What Makes the Five Best Cities Great for Boomers and Seniors?
The September/October 2007 issue of the magazine takes an in-depth look at why these cities rank highest on the livability scale and are ideal for older residents. The selections were based on specific criteria for what makes a community livable: new urbanism, smart growth, mixed-use development, and easy-living standards.
"The places we chose are ahead of the curve in providing services for empty nesters, active retirees, and everyone in between and we're thrilled to recognize them for their efforts," said Steve Slon, editor of AARP The Magazine, in a news release. "City living may cost a bit more, but urban communities also deliver peak value in the form of culture, work options, mass transit and fitness opportunities, and this year's selections really cover the spectrum."
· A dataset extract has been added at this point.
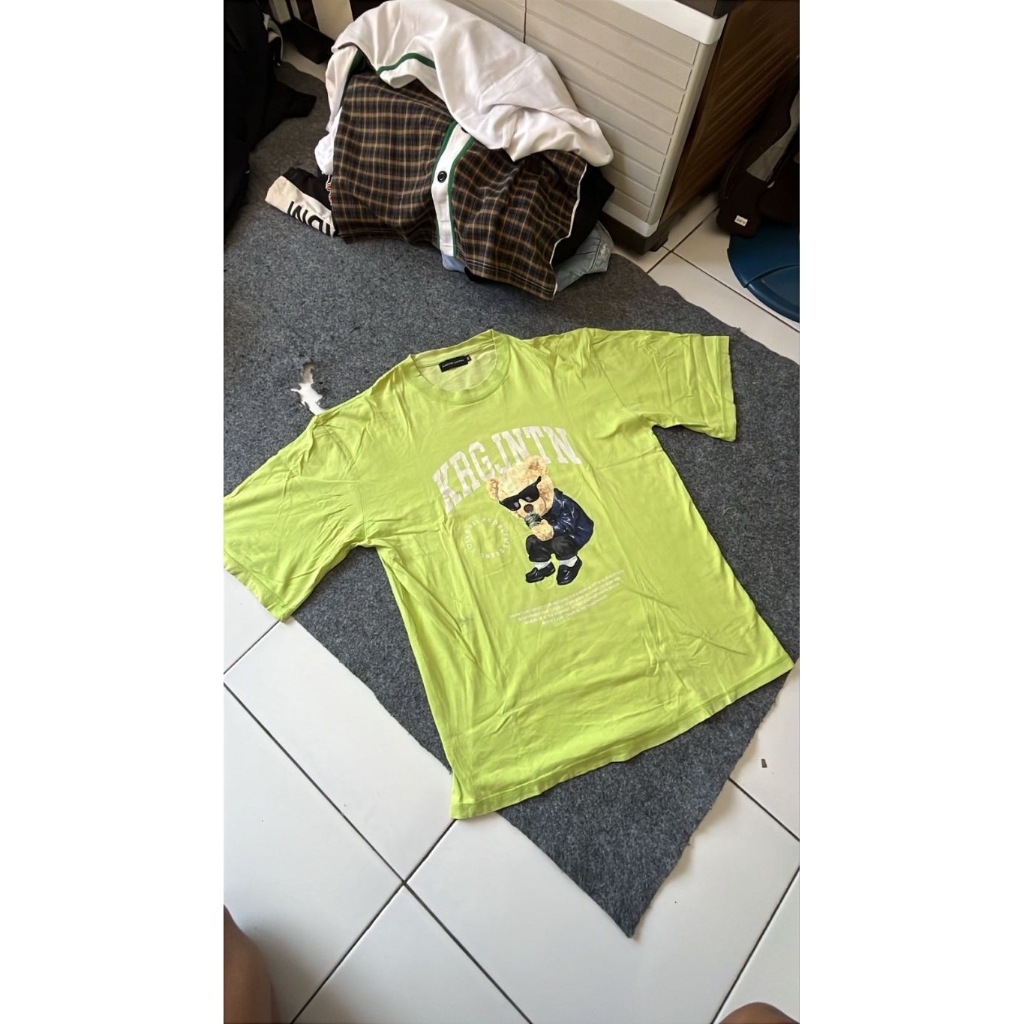 preloved atasan kaos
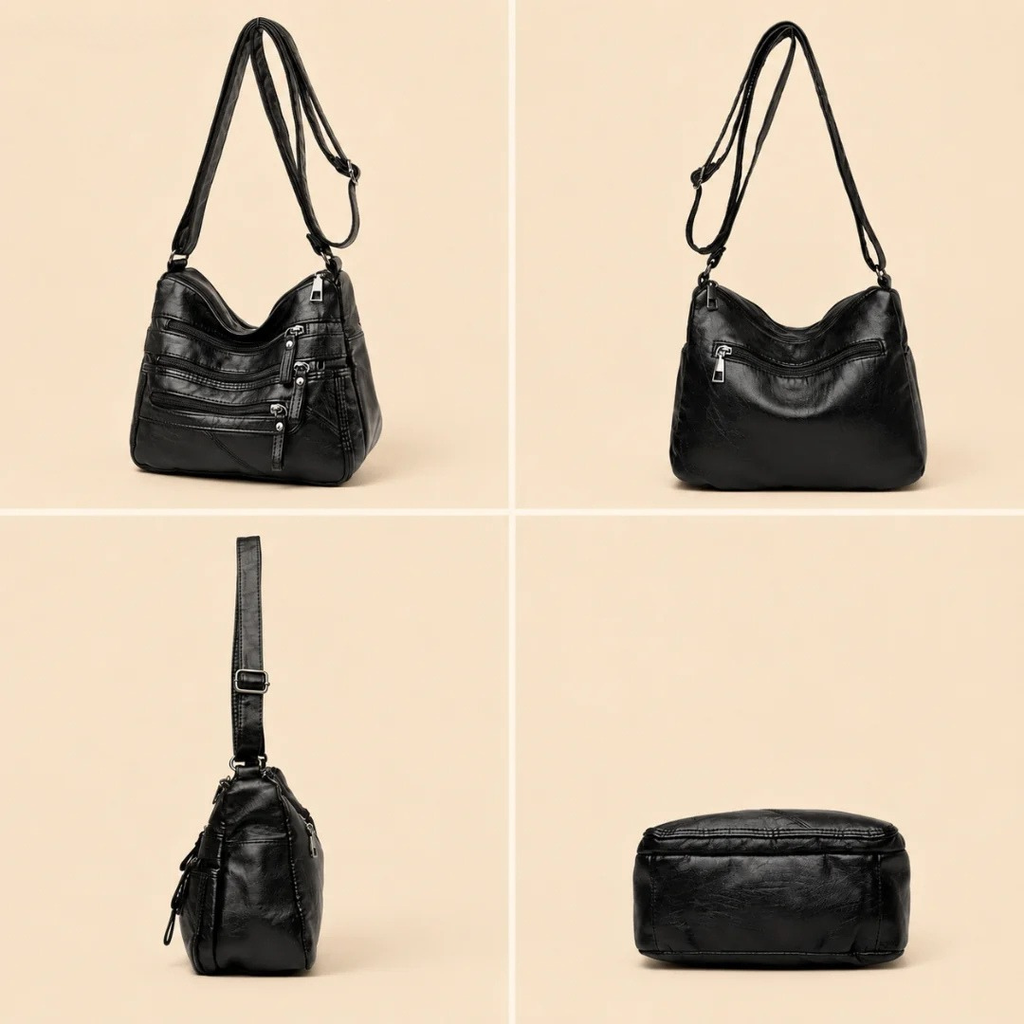 Jenna™ Everyday Crossbody Bag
50+ Senior Population is Growing Fast
AARP The Magazine's selections of the best cities for baby boomers and seniors focus on livable community characteristics in each location including mass-transit systems so residents can drive less, expanded sidewalks to encourage walking, better health care, and a wide range of mixed-use housing.
These qualities attract members of the 50+ age group, a segment of the U.S. population that spends more than $2.2 trillion on goods and services each year and is expected to expand by 32 percent over the next 15 years.
Cities Prepare for More Senior Residents
With the senior population growing rapidly as baby boomers age, cities nationwide are looking for proven strategies and best practices that can help them prepare to meet the complex needs of older residents—including services, systems and urban design that support healthy aging.
According to the National Association of Area Agencies on Aging, many communities are not prepared to cope with an aging population and the changes it will bring. Lists of best cities for seniors and baby boomers help to identify communities that can serve as models for other areas facing similar challenges.
AARP's Five Best Cities for Seniors and Baby Boomers in 2007:
- Atlanta, GA: A sophisticated metropolis with southern charm, Atlanta offers abundant volunteer and cultural opportunities. Older residents don’t care for Atlanta’s sticky-hot summers, but they appreciate the wide range of housing options.
- Portland, OR: European charm meets environmental nirvana in this environmentally progressive city. Portland’s 50+ residents may not like having 155 days of rain each year, but they love the miles of safe bike lanes and the many charming neighborhoods, including a revitalized Pearl District.
Portland also tops the list in another survey, 50 Best Cities for Seniors.
- Chandler, AZ: Gracious desert living combined with an activist twist that encourages residents to get involved with the spirit of the town. Downsides in Chandler include inadequate public transportation that still makes driving a necessity, but plenty of parks and open space provide ample recreation opportunities.
- Beacon Hill in Boston, MA: This historically genteel part of Boston is full of culture and great restaurants. Seniors complain about Boston’s cold winters and high housing costs, but the Beacon Hill Village provides aging residents with concierge style access to a network of support services, including transportation, healthcare and entertainment.
- Milwaukee, WI: An example of urban renewal at its best, Milwaukee features picturesque river walks and affordable waterfront living. Older residents don’t like shoveling snow during those long Wisconsin winters, but they applaud innovative programs in Milwaukee that help retirees stay fit for free and age in place.